### Problem
Return all lines of the data in which the string "Bedroom" occurs.

Dataset records:
# # # # # # #

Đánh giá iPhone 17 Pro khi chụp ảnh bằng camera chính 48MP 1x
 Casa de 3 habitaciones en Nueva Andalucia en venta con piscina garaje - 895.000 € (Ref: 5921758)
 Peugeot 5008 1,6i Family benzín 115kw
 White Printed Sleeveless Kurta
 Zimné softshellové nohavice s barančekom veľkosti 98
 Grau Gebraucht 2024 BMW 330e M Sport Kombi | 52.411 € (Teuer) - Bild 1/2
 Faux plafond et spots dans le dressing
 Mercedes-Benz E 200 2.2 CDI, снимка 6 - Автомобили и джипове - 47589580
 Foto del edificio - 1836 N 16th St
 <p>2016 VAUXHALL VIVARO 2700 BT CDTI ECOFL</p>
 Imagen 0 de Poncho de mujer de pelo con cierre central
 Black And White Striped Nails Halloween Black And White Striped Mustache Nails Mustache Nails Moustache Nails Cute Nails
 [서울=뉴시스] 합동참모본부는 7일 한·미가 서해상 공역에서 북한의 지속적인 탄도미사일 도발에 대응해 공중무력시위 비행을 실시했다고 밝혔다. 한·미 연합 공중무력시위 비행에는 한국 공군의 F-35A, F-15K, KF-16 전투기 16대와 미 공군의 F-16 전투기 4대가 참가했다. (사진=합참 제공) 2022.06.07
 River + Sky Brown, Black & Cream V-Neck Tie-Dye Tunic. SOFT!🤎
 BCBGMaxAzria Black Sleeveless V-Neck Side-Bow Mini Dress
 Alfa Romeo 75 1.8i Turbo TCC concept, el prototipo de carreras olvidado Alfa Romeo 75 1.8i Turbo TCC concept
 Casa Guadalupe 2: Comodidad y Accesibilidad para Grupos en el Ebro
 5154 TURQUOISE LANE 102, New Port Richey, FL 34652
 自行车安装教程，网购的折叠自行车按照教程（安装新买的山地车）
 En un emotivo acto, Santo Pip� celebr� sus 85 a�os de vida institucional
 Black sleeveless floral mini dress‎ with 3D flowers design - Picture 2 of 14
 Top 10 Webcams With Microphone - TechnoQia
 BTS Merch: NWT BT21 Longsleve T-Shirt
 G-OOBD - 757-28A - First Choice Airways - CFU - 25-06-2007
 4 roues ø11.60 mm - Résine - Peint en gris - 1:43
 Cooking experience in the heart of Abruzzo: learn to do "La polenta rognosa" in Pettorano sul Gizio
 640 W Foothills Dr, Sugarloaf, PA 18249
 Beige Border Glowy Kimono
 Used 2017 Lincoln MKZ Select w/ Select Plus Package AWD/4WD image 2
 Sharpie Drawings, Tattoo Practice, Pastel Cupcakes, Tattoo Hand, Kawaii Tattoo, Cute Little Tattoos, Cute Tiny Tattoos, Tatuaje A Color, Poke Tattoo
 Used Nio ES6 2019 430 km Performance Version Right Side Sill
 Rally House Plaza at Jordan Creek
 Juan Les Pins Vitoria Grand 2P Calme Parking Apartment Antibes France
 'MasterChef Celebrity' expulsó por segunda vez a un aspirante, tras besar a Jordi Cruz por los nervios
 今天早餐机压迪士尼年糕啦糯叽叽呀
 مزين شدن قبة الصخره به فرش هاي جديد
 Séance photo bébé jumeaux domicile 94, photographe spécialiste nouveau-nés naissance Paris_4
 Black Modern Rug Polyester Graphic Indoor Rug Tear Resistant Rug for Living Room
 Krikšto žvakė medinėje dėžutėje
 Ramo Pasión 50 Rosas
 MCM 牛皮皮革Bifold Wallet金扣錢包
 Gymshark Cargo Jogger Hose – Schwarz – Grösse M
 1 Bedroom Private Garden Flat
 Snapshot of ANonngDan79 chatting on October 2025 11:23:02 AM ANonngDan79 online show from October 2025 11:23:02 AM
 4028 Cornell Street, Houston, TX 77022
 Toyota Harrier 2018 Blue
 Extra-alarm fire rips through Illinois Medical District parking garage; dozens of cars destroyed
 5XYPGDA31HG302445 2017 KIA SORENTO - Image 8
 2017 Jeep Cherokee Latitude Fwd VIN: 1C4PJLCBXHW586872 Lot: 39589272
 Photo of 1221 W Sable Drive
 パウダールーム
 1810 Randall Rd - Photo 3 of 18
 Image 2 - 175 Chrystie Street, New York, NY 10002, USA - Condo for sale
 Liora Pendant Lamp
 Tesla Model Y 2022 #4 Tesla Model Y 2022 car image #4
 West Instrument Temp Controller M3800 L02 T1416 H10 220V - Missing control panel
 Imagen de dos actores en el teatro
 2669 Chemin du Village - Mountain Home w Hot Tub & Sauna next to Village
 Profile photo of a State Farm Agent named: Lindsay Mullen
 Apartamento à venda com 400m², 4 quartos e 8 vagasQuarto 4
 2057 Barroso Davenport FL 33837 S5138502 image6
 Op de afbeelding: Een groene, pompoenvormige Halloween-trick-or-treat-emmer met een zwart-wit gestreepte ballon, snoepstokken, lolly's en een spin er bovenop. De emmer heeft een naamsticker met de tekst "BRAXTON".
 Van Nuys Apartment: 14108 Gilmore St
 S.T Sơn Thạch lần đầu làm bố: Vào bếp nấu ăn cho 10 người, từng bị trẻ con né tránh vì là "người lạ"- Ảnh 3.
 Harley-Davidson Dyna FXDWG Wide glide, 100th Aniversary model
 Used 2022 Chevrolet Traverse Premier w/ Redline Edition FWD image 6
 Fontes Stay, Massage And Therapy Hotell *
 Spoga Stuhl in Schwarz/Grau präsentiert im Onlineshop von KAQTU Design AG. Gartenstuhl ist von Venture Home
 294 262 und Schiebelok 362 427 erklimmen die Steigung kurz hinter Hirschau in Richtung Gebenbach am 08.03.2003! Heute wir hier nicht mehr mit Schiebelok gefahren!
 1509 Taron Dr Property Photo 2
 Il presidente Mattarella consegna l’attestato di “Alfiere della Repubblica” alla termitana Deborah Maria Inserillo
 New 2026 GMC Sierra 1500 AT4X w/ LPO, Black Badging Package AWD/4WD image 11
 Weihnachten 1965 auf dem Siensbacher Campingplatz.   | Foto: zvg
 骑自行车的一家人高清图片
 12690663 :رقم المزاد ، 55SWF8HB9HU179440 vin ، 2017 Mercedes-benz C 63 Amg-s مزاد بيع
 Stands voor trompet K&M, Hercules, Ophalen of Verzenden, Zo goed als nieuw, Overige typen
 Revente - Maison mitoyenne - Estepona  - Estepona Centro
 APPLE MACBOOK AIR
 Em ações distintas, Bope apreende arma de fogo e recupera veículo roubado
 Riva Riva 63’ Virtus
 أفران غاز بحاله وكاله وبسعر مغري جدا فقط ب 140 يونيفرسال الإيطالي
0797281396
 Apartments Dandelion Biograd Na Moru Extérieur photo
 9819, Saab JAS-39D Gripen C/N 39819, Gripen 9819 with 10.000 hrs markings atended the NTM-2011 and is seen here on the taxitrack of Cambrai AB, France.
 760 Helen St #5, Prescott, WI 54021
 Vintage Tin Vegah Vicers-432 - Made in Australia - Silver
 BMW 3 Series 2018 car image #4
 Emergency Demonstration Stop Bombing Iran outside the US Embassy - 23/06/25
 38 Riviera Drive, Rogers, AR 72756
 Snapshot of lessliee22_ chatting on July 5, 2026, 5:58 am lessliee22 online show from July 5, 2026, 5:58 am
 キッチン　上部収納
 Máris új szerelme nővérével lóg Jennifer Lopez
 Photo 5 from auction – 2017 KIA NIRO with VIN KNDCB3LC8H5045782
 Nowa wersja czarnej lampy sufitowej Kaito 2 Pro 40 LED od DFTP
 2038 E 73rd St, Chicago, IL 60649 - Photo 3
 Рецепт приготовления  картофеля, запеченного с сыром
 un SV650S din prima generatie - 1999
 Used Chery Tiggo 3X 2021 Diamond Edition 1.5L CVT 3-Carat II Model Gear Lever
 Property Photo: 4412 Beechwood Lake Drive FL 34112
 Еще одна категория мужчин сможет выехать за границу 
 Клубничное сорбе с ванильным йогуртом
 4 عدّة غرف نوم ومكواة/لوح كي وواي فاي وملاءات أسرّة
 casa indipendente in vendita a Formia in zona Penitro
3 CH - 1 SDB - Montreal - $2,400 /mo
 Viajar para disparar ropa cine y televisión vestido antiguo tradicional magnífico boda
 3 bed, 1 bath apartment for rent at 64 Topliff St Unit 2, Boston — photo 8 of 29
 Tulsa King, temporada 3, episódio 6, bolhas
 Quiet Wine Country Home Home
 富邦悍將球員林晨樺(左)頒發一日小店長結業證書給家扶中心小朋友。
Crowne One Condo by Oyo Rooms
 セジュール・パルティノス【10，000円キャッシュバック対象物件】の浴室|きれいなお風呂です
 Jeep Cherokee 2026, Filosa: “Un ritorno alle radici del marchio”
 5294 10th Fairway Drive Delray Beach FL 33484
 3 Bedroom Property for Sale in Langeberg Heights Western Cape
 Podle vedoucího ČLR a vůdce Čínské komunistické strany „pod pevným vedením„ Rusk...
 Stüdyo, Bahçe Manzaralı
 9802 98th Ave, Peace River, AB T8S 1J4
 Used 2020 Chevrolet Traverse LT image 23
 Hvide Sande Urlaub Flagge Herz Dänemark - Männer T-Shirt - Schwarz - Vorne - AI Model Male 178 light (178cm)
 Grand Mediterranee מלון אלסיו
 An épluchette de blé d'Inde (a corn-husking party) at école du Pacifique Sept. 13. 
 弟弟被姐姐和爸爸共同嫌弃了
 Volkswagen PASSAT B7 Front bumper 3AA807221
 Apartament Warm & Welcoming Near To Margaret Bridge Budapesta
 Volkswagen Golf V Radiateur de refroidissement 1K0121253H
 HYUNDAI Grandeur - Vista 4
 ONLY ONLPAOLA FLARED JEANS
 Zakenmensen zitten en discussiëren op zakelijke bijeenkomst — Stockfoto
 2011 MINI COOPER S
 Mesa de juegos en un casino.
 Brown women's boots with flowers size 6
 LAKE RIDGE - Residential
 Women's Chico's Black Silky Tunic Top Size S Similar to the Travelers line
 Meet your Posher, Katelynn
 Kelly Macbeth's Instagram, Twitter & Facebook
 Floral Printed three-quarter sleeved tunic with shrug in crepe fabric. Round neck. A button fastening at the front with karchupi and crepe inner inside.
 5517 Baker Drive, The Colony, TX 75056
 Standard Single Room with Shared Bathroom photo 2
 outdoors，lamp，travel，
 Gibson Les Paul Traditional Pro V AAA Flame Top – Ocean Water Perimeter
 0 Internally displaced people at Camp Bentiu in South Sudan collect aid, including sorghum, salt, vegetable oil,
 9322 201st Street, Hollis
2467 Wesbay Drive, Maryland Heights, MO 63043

# # # # # # #

### Reply to the task
 1 Bedroom Private Garden Flat
 3 Bedroom Property for Sale in Langeberg Heights Western Cape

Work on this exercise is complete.